Inheritance taxes, on the other hand, are only collected by five states as of 2025. These are Maryland, Kentucky, New Jersey, Pennsylvania, and Nebraska. Iowa used to impose inheritance taxes, but officially ended them on January 1, 2025. Inheritance taxes depend more on the deceased’s location than on yours. If your loved one lived in any of these states, you might owe taxes, even if you live somewhere that doesn’t charge them.
Keep in mind, not just property and cash are taxed. Inherited retirement accounts like IRAs and 401(k)s may come with income tax responsibilities, depending on how they are structured and withdrawn.
Who Pays Inheritance Tax?
The answer depends on two things: the state involved and your relationship with the deceased. If the person who passed lived in one of the five states mentioned, you might owe taxes.
However, not everyone has to pay. Spouses are completely exempt in all five states. That includes same-sex spouses, too. Children and grandchildren are usually exempt in Maryland, New Jersey, and Kentucky. Unfortunately, Pennsylvania and Nebraska may still tax them. Other relatives, like siblings or cousins, might owe taxes, depending on the size of the inheritance.
For example, in New Jersey, a sibling can receive up to $25,000 tax-free. Anything beyond that is taxed between 11 percent and 16 percent.
Inheritance Tax Rates in the U.S.
Each state sets its own rate. There is no federal inheritance tax, but these state rates apply if the deceased lived in one of the five states:
- Pennsylvania: 0 percent to 15 percent
- New Jersey: 0 percent to 16 percent
- Nebraska: 1 percent to 15 percent
- Maryland: 0 percent to 10 percent
- Kentucky: 0 percent to 16 percent
These rates are not random. They depend on how closely you were related to the deceased and the value of what you inherited.
How Inheritance Tax Planning Can Help You
Inheritance tax planning can help you reduce or avoid paying too much. One simple method is gifting. In 2025, an individual can give someone up to $19,000 each year without triggering gift taxes. Married couples can give up to $38,000 jointly.
Another effective option is setting up a revocable trust. This allows someone to place assets in a trust while staying in control of them. When that person dies, the trust passes the property to the heirs. In many cases, this can lower or even eliminate inheritance tax.

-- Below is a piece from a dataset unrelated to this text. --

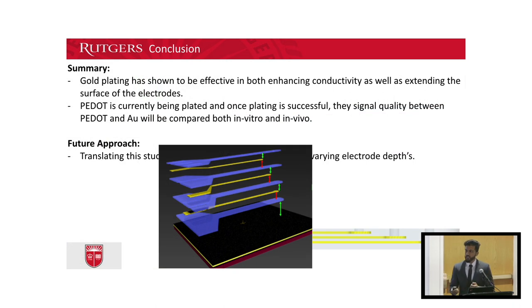For results on PEDOT-coated electrodes and more in vivo data, please stop by my poster, number 17 in the International Lounge. The future approach of this study would be to translate these single electrode experiments to our multi-electrode probes with varying electrode depths. Hopefully, this can bring us one step closer to giving paralyzed patients a better quality of life. Thank you.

There is also the irrevocable trust, where the assets cannot be changed once placed. This type may offer more protection from taxes but less flexibility.
Talking with a financial advisor can help you choose the right approach. Advisors can explain how your investments, retirement accounts, and windfalls might be taxed.
Steps to Take After Receiving an Inheritance
After receiving an inheritance, start with the paperwork. Gather legal documents and figure out if any taxes apply. If you’re unsure, speak to a professional.
Here are a few smart steps:
- Check which state the deceased lived in.
- Learn your exemption based on your relationship.
- Ask if a trust was involved in the inheritance.
- Understand how inherited retirement accounts work.
The Legacy Is More Than the Inheritance
What you leave behind isn’t just money or property. It’s also clarity, peace, and intention. Taking time to understand inheritance tax rules today can spare your loved ones confusion and stress tomorrow. A well-prepared plan not only protects your estate, it also preserves your values.
Use what you’ve learned here as a starting point for meaningful conversations. Talk to your family, ask questions, and reach out to professionals who can help. The tax on inheritance doesn’t have to be a burden if you choose to face it with care and foresight.